Наше время примечательно тем, что (впервые за всю историю образования) встал вопрос, какой материал ребёнок «выдержит», но я не готова обсуждать такую проблему. Дьявола «Просвещения», которым мы одержимы, можно изгнать только «постом и молитвой». Только это пока никому не под силу. В иные века вниманием детей, среди прочих, владели Гомер и Вергилий, но дела двинулись не вперёд, а назад: наши дети оглупели настолько, что не могут проникнуть в минувшее силой воображения.
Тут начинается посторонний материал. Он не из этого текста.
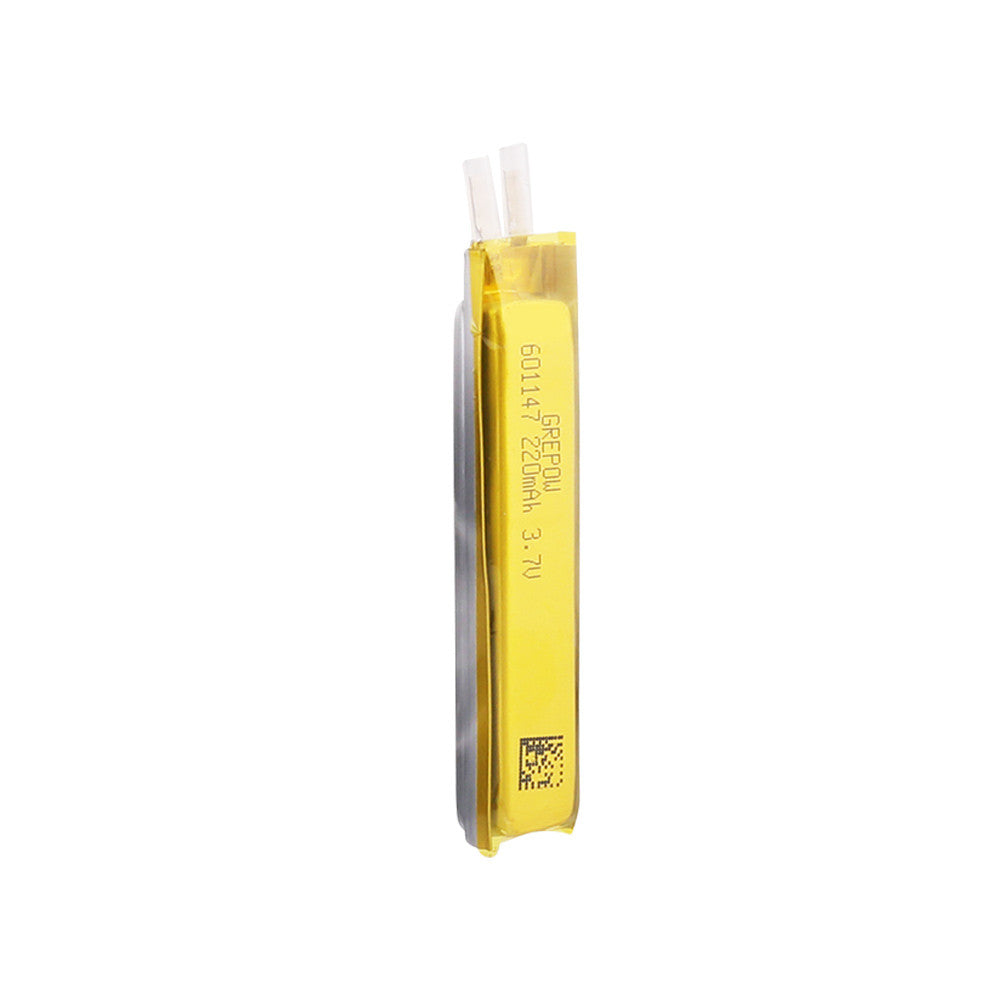 Grepow 6011047 3.7V 220mAh 1S1P LiPo Battery, Grepow 6011047 3.7V 220mAh 1S LiPo battery pouch cell with yellow wrap and small 2-pin connector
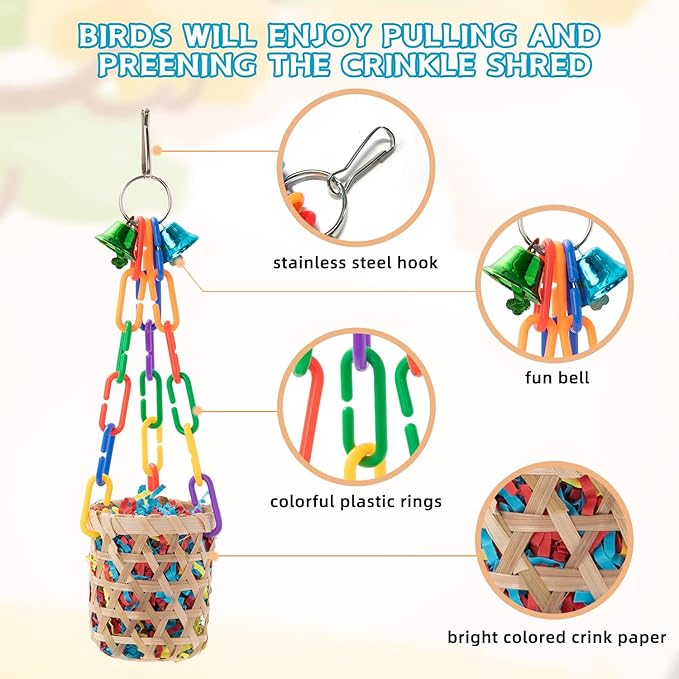 RLRICH 6 Pack Bird Colorful Chewing Toys Parrot Foraging Shredder Toys Shred Hanging Foraging Toys,Comfy Perch Parakeet Toys for Rope Bungee Bird Toy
Никто не спрашивает ученика, приятно ли ему заниматься алгеброй или устраивают ли его «неправильно» спрягаемые глаголы во французском языке, однако при выборе между Хёрси и Готорном всё решает его «вкус».
Я бы хотела выдвинуть предложение, у большинства педагогов вызывающее отторжение – если они собираются преподавать прозу в старших классах, то преподавать её надо как отдельный предмет со своей историей.
Общее впечатление от книги зависит не только от её внутренней силы, но и от наличия читательского опыта: объёма познаний, литературных и не только, с коими надлежит к ней подходить. Прежде чем ознакомиться со Стейнбеком и Хёрси, ребёнку необходимо дать представление о лучших произведениях Купера [84], Готорна, Мелвилла, раннего Джеймса и Крейна. Но иметь дело с этими авторами надо, когда ученика познакомили с лучшими романистами восемнадцатого и девятнадцатого веков.